Mostly, Nick is a narrator who, with his selection of details, is showing us something, rather than telling us something, and we can make some inferences from what we are shown in the text. But he does tell us something about all of these people in Chapter III. The motivations of the people who attend these parties are essentially two: they want to party, and they are attracted by the rumors that swirl around Gatsby.
In Chapter III, Nick says he is one of the few people who is actually an invited guest, and that most of these people went to Gatsby's parties uninvited. They often "came and went without having met Gatsby at all" (45), and it seemed that "they conducted themselves according to the rules of behavior associated with amusement parks" (45). Then Nick says, "They came for the party with a simplicity of heart that was its own ticket of admission" (45). In one conversation between Nick, Jordan, and Lucille, one of these "guests," Lucille says, "I never care what I do, so I always have a good time" (47). All of these people have come for a party, to be wined and dined, to be entertained and amused.

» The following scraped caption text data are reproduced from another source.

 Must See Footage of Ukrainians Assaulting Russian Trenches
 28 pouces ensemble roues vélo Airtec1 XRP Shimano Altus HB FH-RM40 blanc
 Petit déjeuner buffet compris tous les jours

In addition, Gatsby himself is a draw for these people, who are curious about him. He is a mysterious figure, the subject of many tantalizing rumors. Nick shares some of them, showing us how all of these party-goers are also attracted by a mystery. In Chapter III, one guest informs Nick she heard Gatsby had once killed a man, and Lucille says he was a German spy in the war (World War I.) One of the young ladies, in Chapter IV, reports that Gatsby was a bootlegger and a nephew of von Hindenburg. All of these are fascinating stories, far more interesting than the lives these guests are likely to lead, and most of us can see the appeal in attending a party hosted by such an interesting figure.

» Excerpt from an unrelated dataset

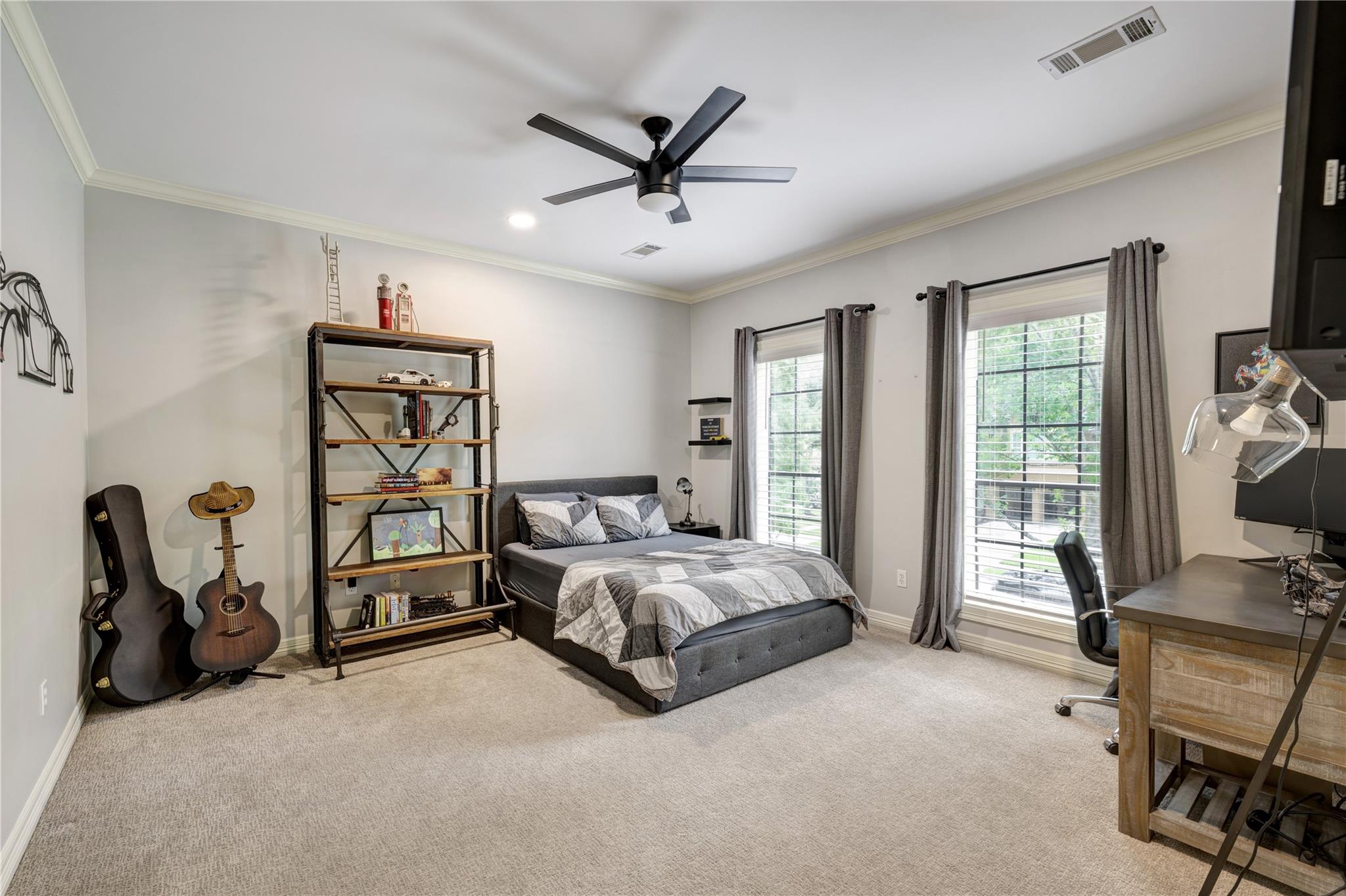 4906 Wedgewood Drive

What we understand from Nick with his detailed list of attendees is that these are people who know nothing at all about Gatsby, but are lured by the promise of a party and the chance of a glimpse of this mysterious and wealthy man. This seems rather sad, but the fact is that Gatsby cares nothing at all about any of these people. The parties are meant as way of attracting Daisy, almost a stage set for her to appear on, as well as a sort of conspicuous consumption that Gatsby hopes will impress Daisy, to gain her love.